The sartorial Safavid precedent can also be seen in Shah Suleiman I and His Courtiers, in which many of the aristocrats and even the shah himself wear kordi with similar floral patterns in an assortment of colors. As I have suggested, Qasem Khan’s style of dress was adapted from the Safavids and altered by the Qajars. By dressing in garments typically associated with the Safavid dynasty, the emir aligns himself with a particular era of Persian court culture that exudes sophistication and refinement. This manifests not only in what he wears, but also the manner in which he carries himself.

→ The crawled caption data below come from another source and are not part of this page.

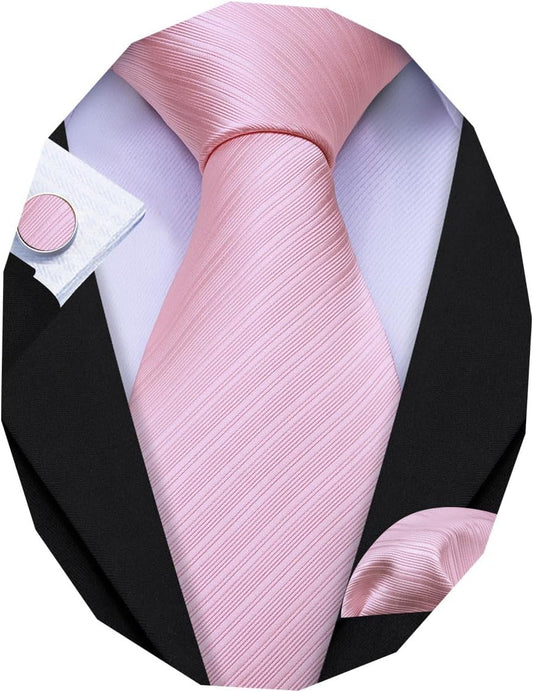 Stripe Men Ties Set Classic WOVEN Necktie with Handkerchief Cufflinks Formal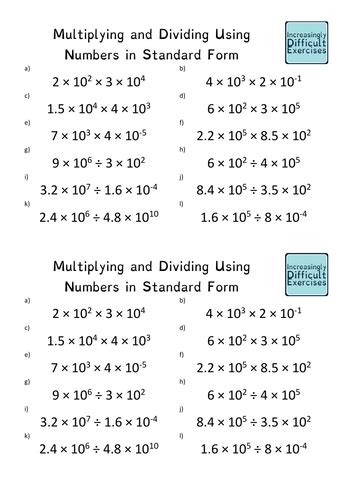 Increasingly Difficult Questions Multiplying And Dividing Using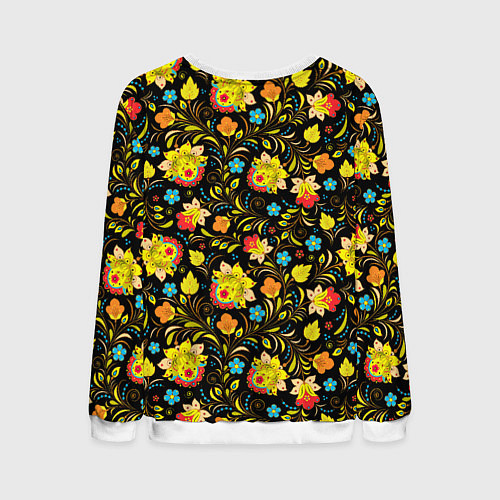 Мужской свитшот Хохлома цветы / 3D-Белый – фото 2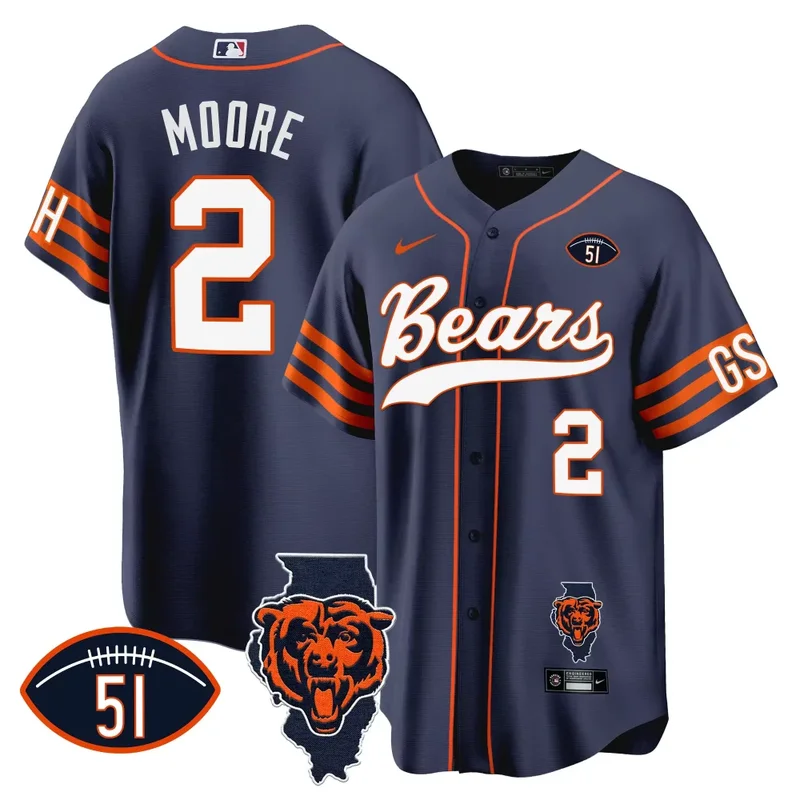 Alternate Cole Kmet Bears Illinois Patch Baseball Jersey All Stitched - Image 5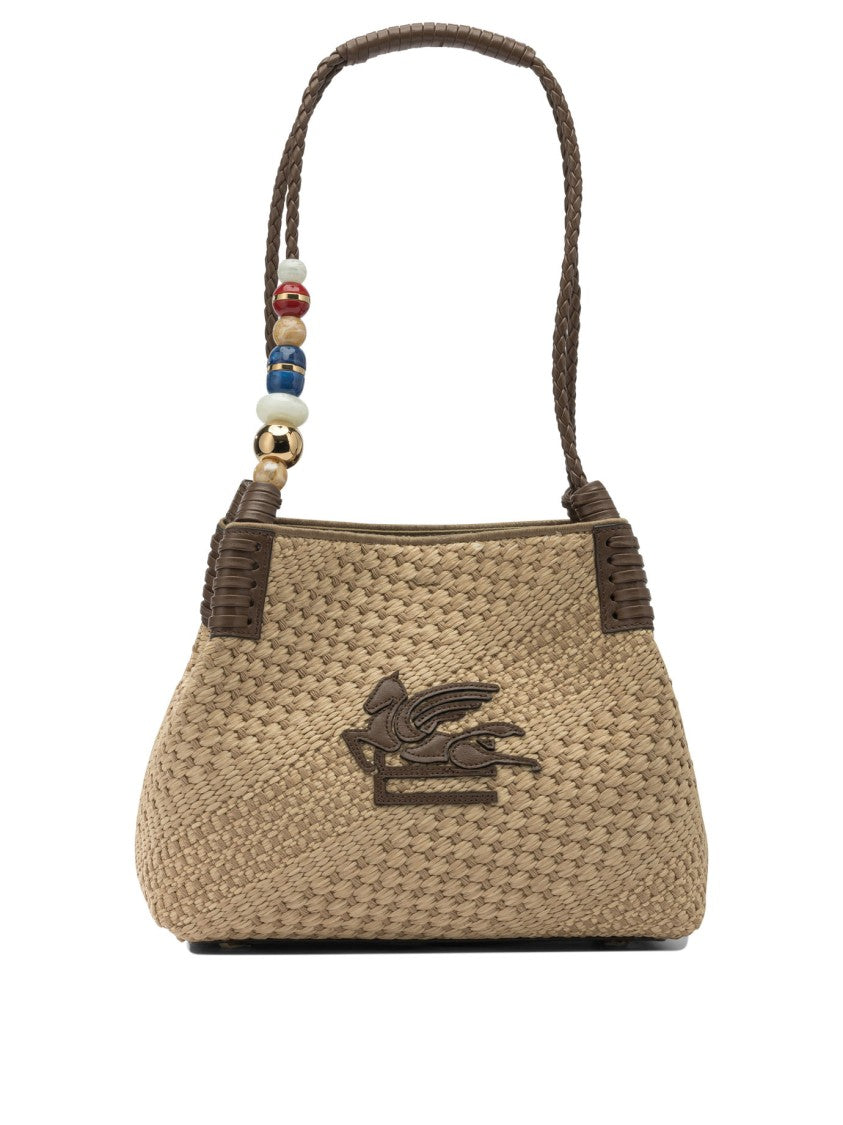 Etro Small Libra Shoulder Bag With Embroidered Pegasus Logo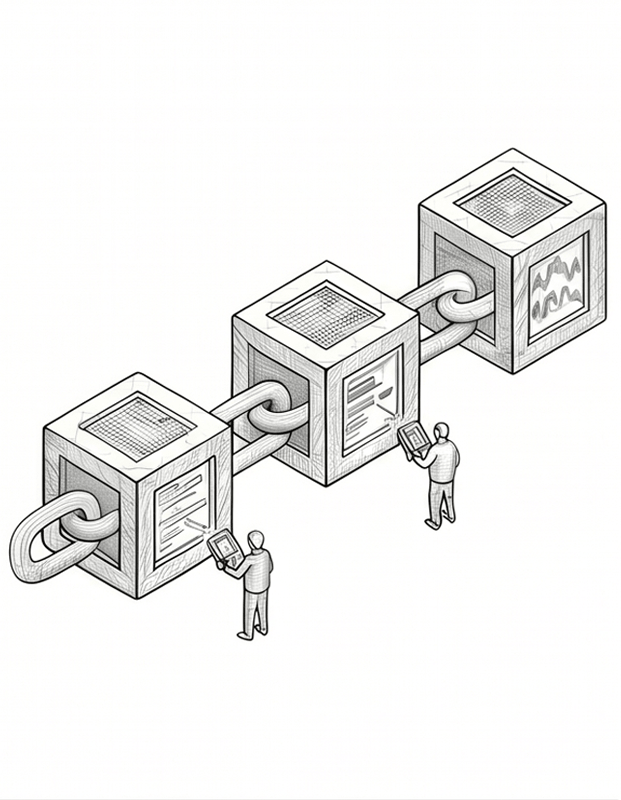 CJ Blockchain — illustration isométrique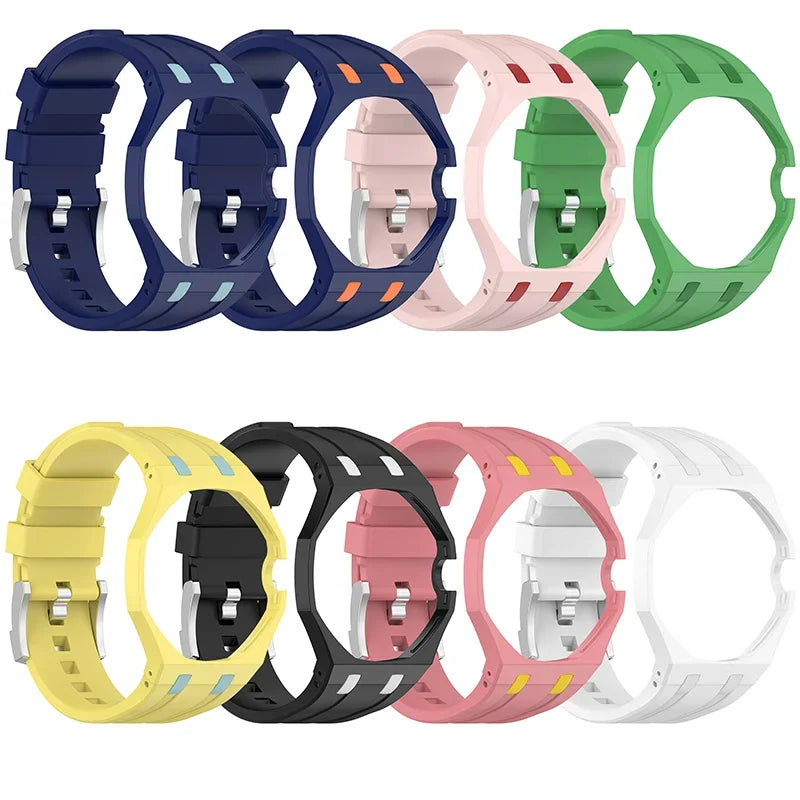 Splicing 3 O Clock PC Mod Kit Case Frame +Silicone Strap For Swatch AP Royal Pop Modification Integrated Cover Band Accessorries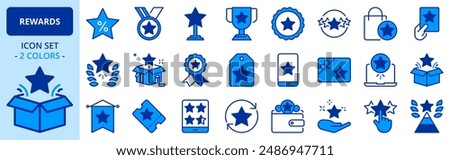 Icons in two colors about rewards. Contains such icons as bonus, discounts and special benefits. Editable stroke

Emir Qasem Khan’s body language creates a recognizable link with ancient Persian culture. His shoulders and chest are frontally positioned towards the viewer, while his head and the rest of his body are presented in three-quarter view. His left hand rests on the hilt of his dagger, while his right hand is suspended against his overcoat and held close to his body. His broad shoulders and the positioning of his arms convey strength, confidence, and kingly power. The mixing of frontal and three-quarter views is a defining trait of the Sassanian style, and can be seen in a Sassanian silver plate depicting the king Yazdegerd I slaying a stag (Fig. 4). As the king thrusts his spear into the animal’s side, his head is presented in strong three-quarter view, while his shoulders, chest, and torso are frontally positioned. A significant convention of Sassanian art, this combination of perspectives is another way in which Qasem Khan visually evokes traditional artistic conventions.

1

Figure 4. Plate of the King Yazdegerd I slaying a stag, Sassanian, Iran, ca. 399–420 CE. Silver with mercury gilding; plate diam. 9.1 – 9.2 in, h. 1.2 in, thickness at rim .09 in, foot diam. 2.9–3 in, h. 0.4 in, thickness .08-.1 in, weight 25.15 oz. The Metropolitan Museum of Art, New York, Harris Brisbane Dick Fund, 1970, accession number 1970.6. Image courtesy The Metropolitan Museum of Art.

In a fashion that mimics Yazdegerd I, the emir’s body language is utilized to recall a specific identification with pre-Islamic power and authority. Emir Qasem Khan sits in a manner commonly seen in Persian painting that was adopted by both royals and non-royals alike throughout the centuries.[29] The noblemen that surround Shah Suleiman in Shah Suleiman I and His Courtiers sit in this same fashion, with their knees close together upon the ground. This position is a hallmark of Persian portraiture that demonstrates the emir’s respect and admiration for traditional practices; individuals continued to kneel in this manner for portraits through the mid-nineteenth century. The visual connections to tradition, formed through physical gestures, further the emir’s cultural, psychological, and political alignments with earlier, prestigious periods in history.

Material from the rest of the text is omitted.